Before he was known as Batman, Christian Bale pushed his body to the limit and dropped 60 pounds for his role in Brad Anderson’s The Machinist. This was at a time when we knew Bale mainly as the paragon of muscular definition in American Psycho. Seeing his character’s body mimic his mind as it slowly disintegrates is as haunting as anything else in this story of tragedy and guilt. And this is because the physical body doesn’t just convey emotion, but it can beckon it. Michael Chekhov created a series of poses to illustrate his psycho-physical acting technique in his book “To The Actor”. The abstract poses connected to a range of emotions that the actors could then use in conjunction with their sense memory to create realistic gestures electrified with energized physicality. You can see these types of abstract expressive forms as the video essay emphasizes how the era of Romanticism in visual art inspired Spacek.
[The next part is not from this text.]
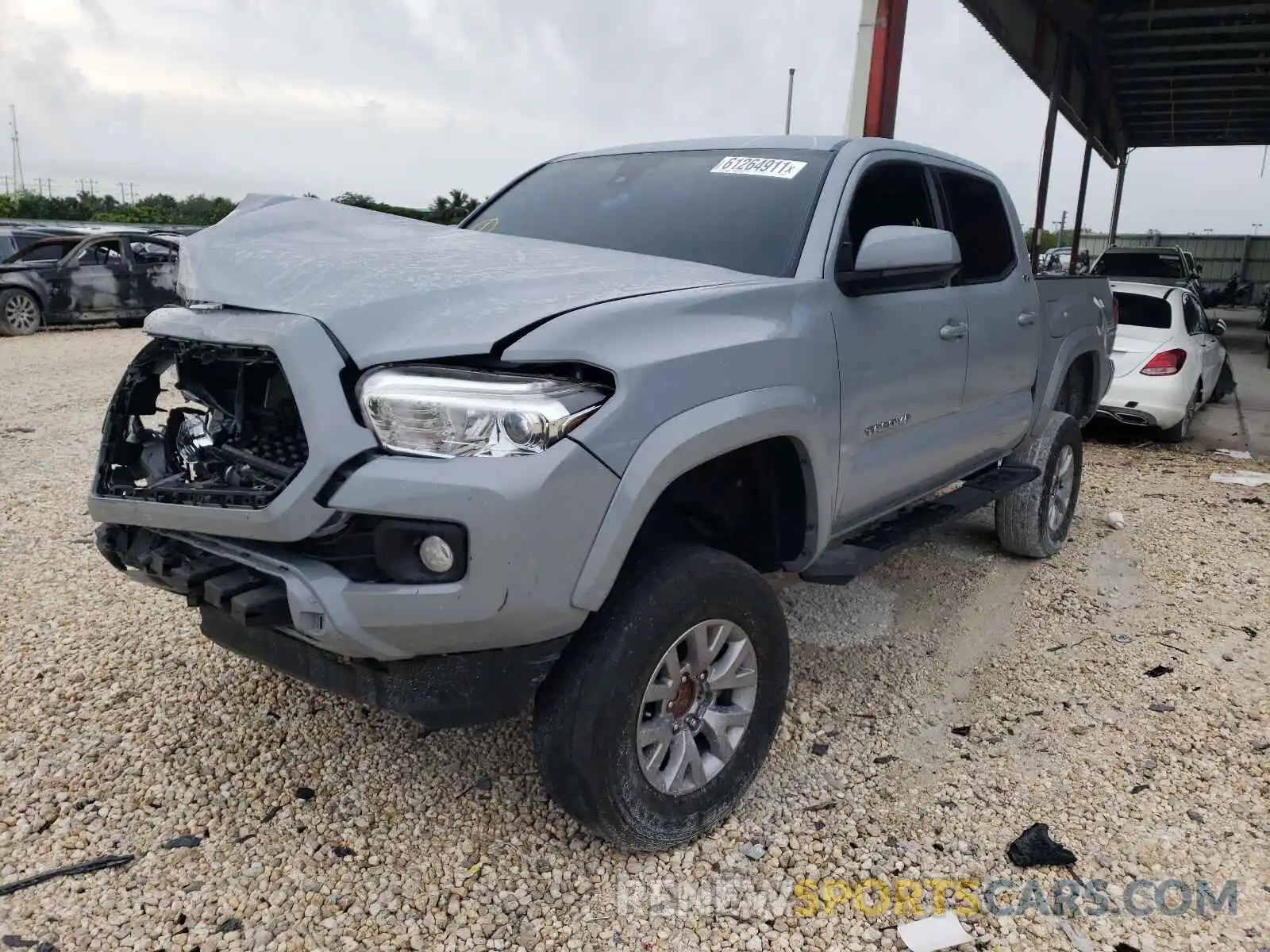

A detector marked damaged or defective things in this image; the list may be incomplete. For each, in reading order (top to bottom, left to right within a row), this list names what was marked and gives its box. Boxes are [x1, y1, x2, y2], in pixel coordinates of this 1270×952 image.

wrecked vehicle [0, 232, 181, 336]
cracked hood [177, 195, 756, 367]
front-end collision damage [94, 338, 310, 511]
wrecked vehicle [87, 137, 1111, 850]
Sissy Spacek, thanks in part to her husband Jack Fisk who was a production designer and collected the religious iconography for the film, found inspiration within the religious imagery, especially “The Stoning of Stephen” and “The Martyrdom of St. Stephen” by Gustave Dore. Looking at these two works of art, the parallels to Carrie are plain as day. Both paintings feature the titular Stephen as a crowd assaults him with stones. This echoes our introduction to Carrie White as she is pelted with tampons and pads by the mob of teenage girls. But it’s also the twisted body and anguished expression on Stephens’ face that harkens to Spacek’s nervous bubbling over energy.
The video also mentions minute acting choices like Anthony Hopkins unblinking stare as Hannibal Lecter as a nuanced way an actor can layer physical subtext into their performance. But something that I think is not mentioned is that these ticks, these choices, feel good to the actor. When I was in a production of the musical Sweeney Todd playing the titular demon barber, I constantly had a handkerchief in my pocket that I would smell periodically on stage. It was my Todd’s tick, his psychological gesture. For the audience, this could have been seen as just one of the many choices I made during my run, but for me, this was the last remaining vestige of Todd’s long thought dead wife. In this swatch of fabric was my motivation, my drive, and most importantly: a secret. An early lesson every actor learns is that you should always carry with you a secret when performing, something that’ll keep you one step ahead of the audience, but also give audiences something to mine for. While Carrie’s telekinetic powers are not necessarily a surprise in the film, the force of her powers is.
Sissy Spacek effortless performance in Carrie garnered her first Academy Award nomination for actress, and she achieved this by constantly pushing against the performative grain of her character, imbuing Carrie White with utter authenticity. She counterbalances this authenticity with her striking use of physicality to convey the large religious motifs layered into Brian De Palma’s film. While this video essay highlights what makes Carrie so scary, I think it’s also what makes Sissy Spacek so special. On working with Terrence Malick in his debut feature Badlands Spacek said, “The artist rules. Nothing else matters.” Spacek is an actress, but first and foremost she is an artist. One who uses her body, rather than a canvas, to convey the truths inside us all.